Everyone should read Ralph Ellison’s Invisible Man at least once. Why? You ask. It is a novel of shared humanity….. and The idea of being invisible is particularly acute for marginalized people in America…… The novel highlights the interdependency of us all and the complexity of identity…… The lessons in the novel will be relevant in perpetuity and present a reflective moment worthy of analysis.

In contrast to his contemporaries such as Richard Wright and James Baldwin, Ellison created characters that are dispassionate, educated, articulate, and self-aware.

Through the protagonist, Ellison explored the contrasts between the Northern and Southern varieties of racism and their alienating effect. The narrator is "invisible" in a figurative sense, in that "people refuse to see" him, and also experiences a kind of dissociation.


The novel, with its treatment of taboo issues such as incest and the controversial subject of communism, won the 1953 U.S. National Book Award for Fiction.

He also wrote Shadow and Act (1964), a collection of political, social and critical essays, and Going to the Territory (1986). A posthumous novel, Juneteenth, was published after being assembled from voluminous notes he left after his death.

And a few did you know ……

….. Ralph Waldo Ellison was named after the writer Ralph Waldo Emerson. [OK probably guessed that one.]

Ellison was born in Oklahoma City in 1914. His father, Lewis, loved to read and named him after the 19th century essayist and poet.

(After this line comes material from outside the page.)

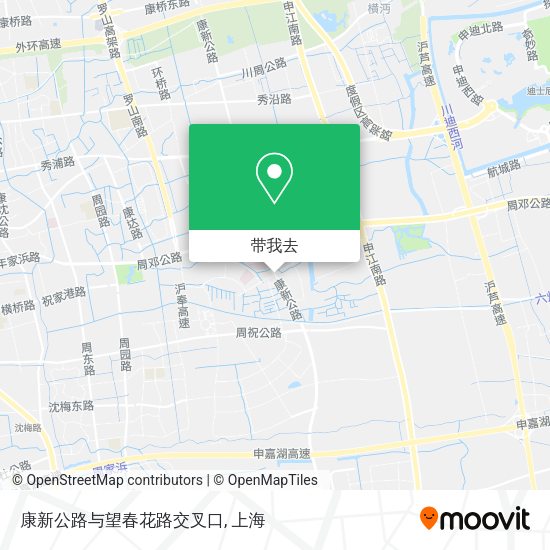 康新公路与望春花路交叉口地图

Unfortunately, Lewis Ellison died in an accident when Ellison was just 3 years old. Shards from a fallen 100-pound ice block pierced Lewis’s abdomen while he was delivering ice.

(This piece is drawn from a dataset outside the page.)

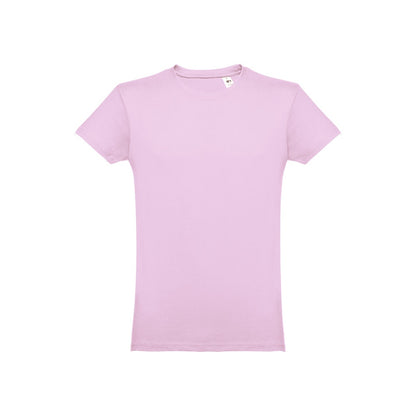THC LUANDA promotional t-shirt in lilac with custom logo branding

Ellison writes in his first essay collection Shadow & Act that he would learn later in life that his father hoped he’d become a poet.

…… To get to college, he had to hitch a ride on a train.

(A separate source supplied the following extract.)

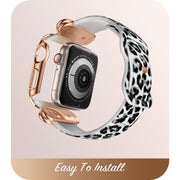 Apple Watch 44/45mm Cosmo Prints Case -White Leopard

Ellison won a scholarship to attend the Tuskegee Institute, but he didn’t have the money to get there. Desperate for a chance at college life, he ended up hopping a train to Alabama from his home in Oklahoma City.

….. Ellison considered T.S. Eliot’s The Waste Land an important influence.

After reading The Waste Land in college, Ellison began investigating literary criticism and other writing about Eliot’s work, not realizing writing would become the driving force of his adult life.

….. The novelist Richard Wright encouraged him to write his first short story.

While in New York City, he met Richard Wright at a reading. Wright, who is best known for his novel Native Son, asked Ellison to write a book review for a magazine he was editing. Based on the review, Wright encouraged him to try writing a short story. Ellison did, and Wright wanted to publish it.